Das dürfte dafür sorgen, dass auch viele Neulinge den Schritt in die Reihe wagen und passend dazu reicht Halo Infinite blutigen Anfängern deutlicher die Hand als alle anderen Serienteile zuvor. Einerseits gibt es mit der Spartan-Akademie nämlich ein nett inszeniertes, wenn auch recht rudimentäres Tutorial, das die grundlegende Steuerung erklärt. Und andererseits - und das ist deutlich gehaltvoller - könnt ihr in Bot-Matches gegen computergesteuerte Schergen antreten, ohne direkt im PvP von menschlichen Kontrahenten auf die Socken zu bekommen.

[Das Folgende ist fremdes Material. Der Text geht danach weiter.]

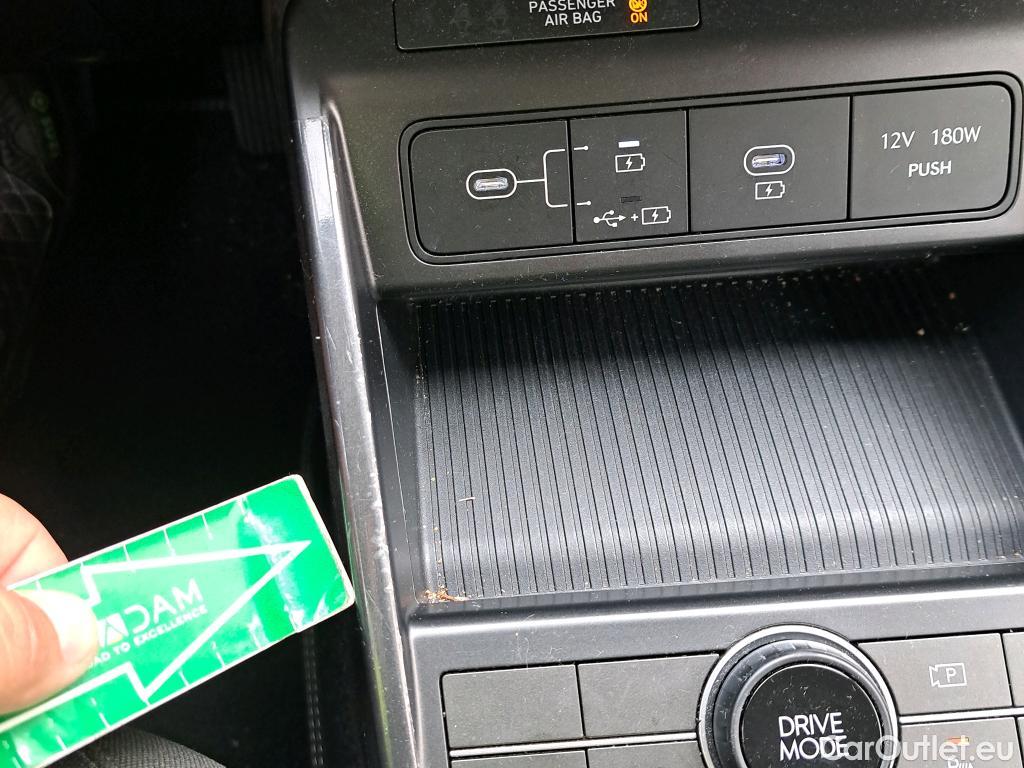  Hyundai  Konna HYUNDAI Kona / 2023 / 5P / todoterreno HEV 1.6GDI 129CV DT Maxx (AC) #9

Die Stärke der Bots ist in vier verschiedenen Schwierigkeitsgraden einstellbar, wobei es ab der zweithöchsten wirklich knackig wird. Generell werden damit “echte” Matches super simuliert und dank vieler einstellbarer Parameter wie der eigenen Startbewaffnung können sowohl neue als auch erfahrene Spieler*innen das Waffen-Handling trainieren oder die Layouts der zehn Maps lernen - insgesamt eine prima Ergänzung!
Warum noch keine Wertung?
Aktuell befindet sich der Multiplayer-Modus von Halo Infinite noch im Beta-Status. Zwar fühlt sich nahezu alles "fertig" an, wir haben uns allerdings entschieden, den Multiplayer erst Anfang Dezember zu bewerten - dann im Gesamtpaket mit der Kampagne, die zwar vom Multiplayer abgekoppelt, aber natürlich trotzdem Bestandteil von Halo Infinite ist.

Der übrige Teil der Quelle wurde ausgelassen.